--- EXERCISE MATERIALS ---
★ ★ ★ ★ ★ ★ ★

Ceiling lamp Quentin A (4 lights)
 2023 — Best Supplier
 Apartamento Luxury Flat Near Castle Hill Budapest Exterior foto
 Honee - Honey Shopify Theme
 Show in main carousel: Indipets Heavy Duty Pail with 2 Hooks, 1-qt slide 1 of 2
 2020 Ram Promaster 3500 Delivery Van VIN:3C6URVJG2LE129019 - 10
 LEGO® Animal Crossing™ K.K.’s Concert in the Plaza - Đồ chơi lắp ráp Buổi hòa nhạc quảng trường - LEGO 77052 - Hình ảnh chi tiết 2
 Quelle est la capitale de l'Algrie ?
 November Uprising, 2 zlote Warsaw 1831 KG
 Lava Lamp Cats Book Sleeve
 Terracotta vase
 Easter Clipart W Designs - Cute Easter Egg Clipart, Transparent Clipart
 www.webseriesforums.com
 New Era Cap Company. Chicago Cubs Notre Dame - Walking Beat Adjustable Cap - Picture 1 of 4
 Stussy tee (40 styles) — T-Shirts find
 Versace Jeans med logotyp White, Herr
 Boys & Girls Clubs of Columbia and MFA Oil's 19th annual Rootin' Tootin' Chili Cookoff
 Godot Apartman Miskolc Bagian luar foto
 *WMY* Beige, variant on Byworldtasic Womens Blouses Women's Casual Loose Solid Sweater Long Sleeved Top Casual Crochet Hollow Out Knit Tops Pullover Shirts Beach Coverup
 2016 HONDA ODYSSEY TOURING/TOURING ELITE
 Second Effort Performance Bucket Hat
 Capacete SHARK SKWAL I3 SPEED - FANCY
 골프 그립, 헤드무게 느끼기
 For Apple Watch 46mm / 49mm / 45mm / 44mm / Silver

★ ★ ★ ★ ★ ★ ★

--- WORK REQUIRED ---
Search the records for the word "Shirts". Copy each line where it appears.

--- TASK ANSWER ---
 Stussy tee (40 styles) — T-Shirts find
 *WMY* Beige, variant on Byworldtasic Womens Blouses Women's Casual Loose Solid Sweater Long Sleeved Top Casual Crochet Hollow Out Knit Tops Pullover Shirts Beach Coverup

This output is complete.